Work to be completed
Extract exactly and only the lines from the one containing "Odisha govt deputes" through the end of the entries below. Pictures should not appear in the copy.

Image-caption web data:
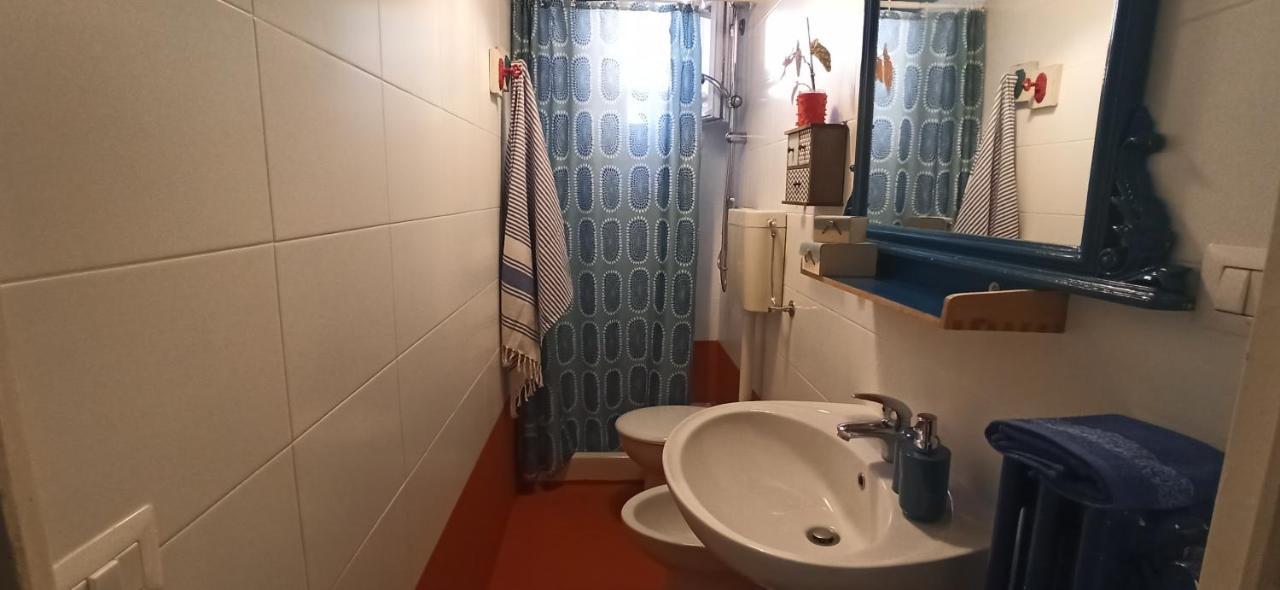 Appartement Stanzadue à Bari Extérieur photo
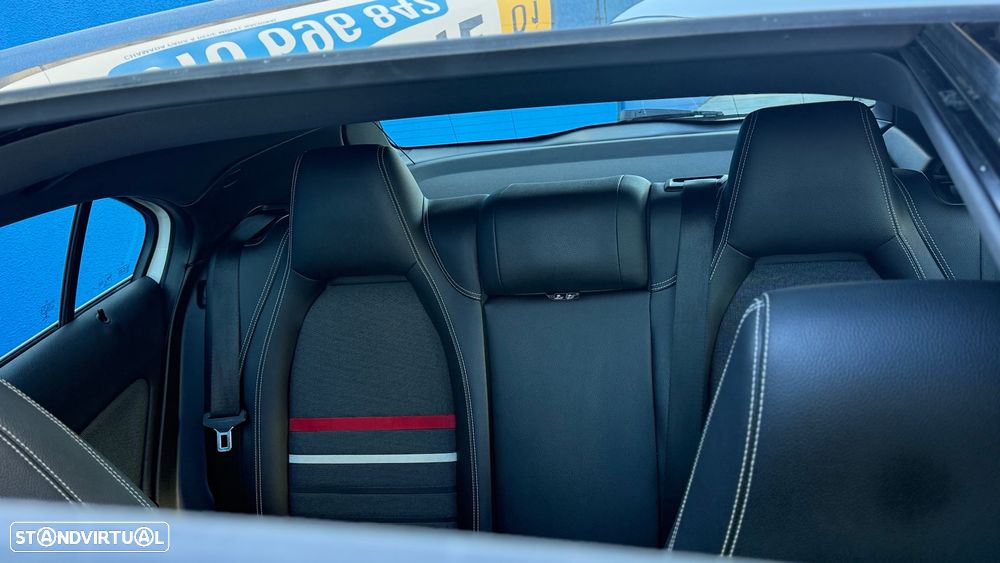 Mercedes-Benz A 180 CDI BE Edition Style - 13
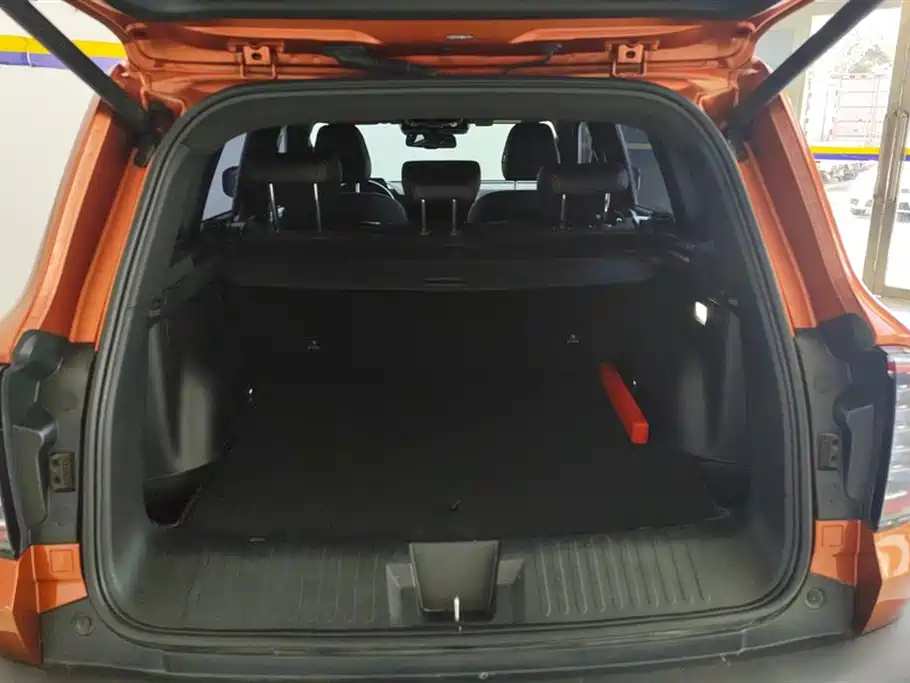 Haval Dargo 1.5 T DCT 2 WD Malinois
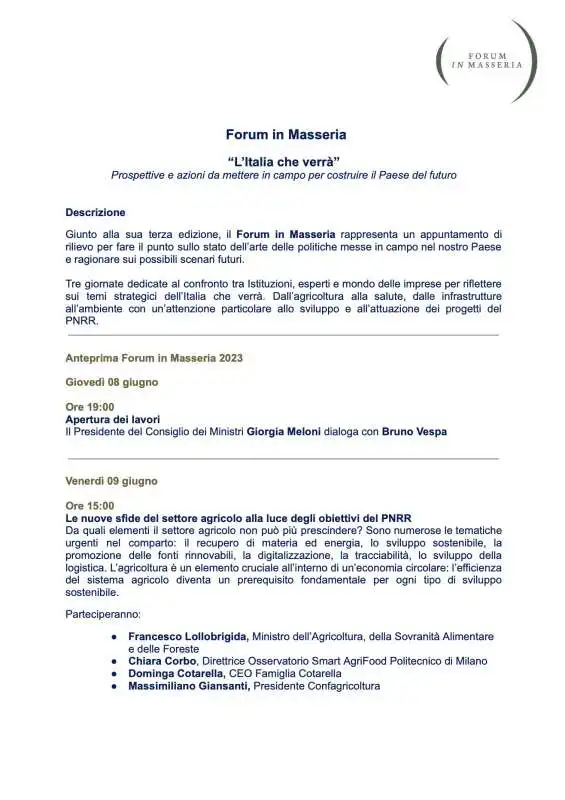 programma forum in masseria 2023   1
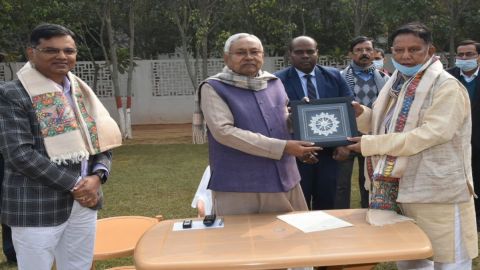 Odisha govt deputes ministers to invite CMs for Hockey World Cup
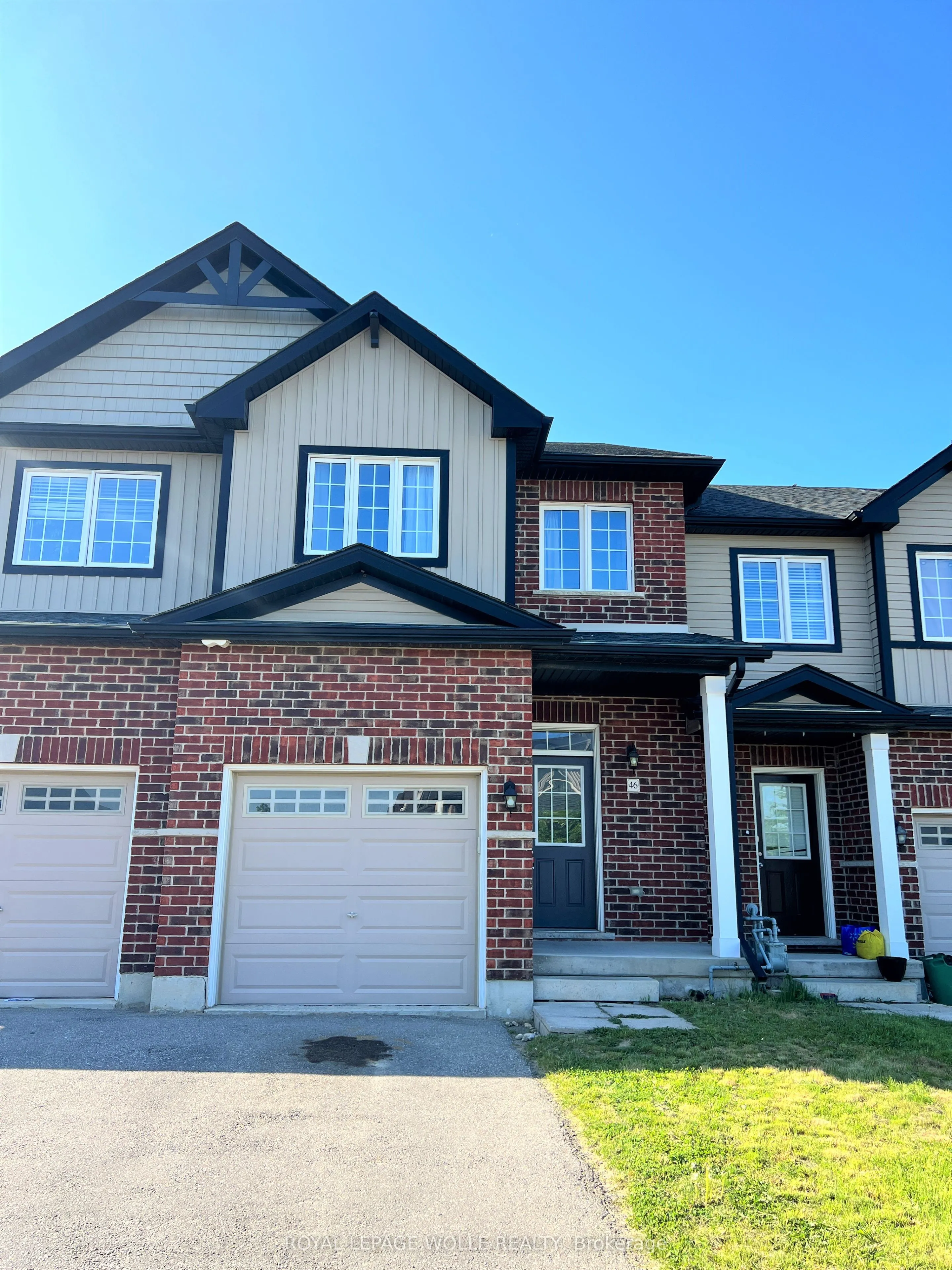 46 Renfrew Street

Solution below
 Odisha govt deputes ministers to invite CMs for Hockey World Cup
 46 Renfrew Street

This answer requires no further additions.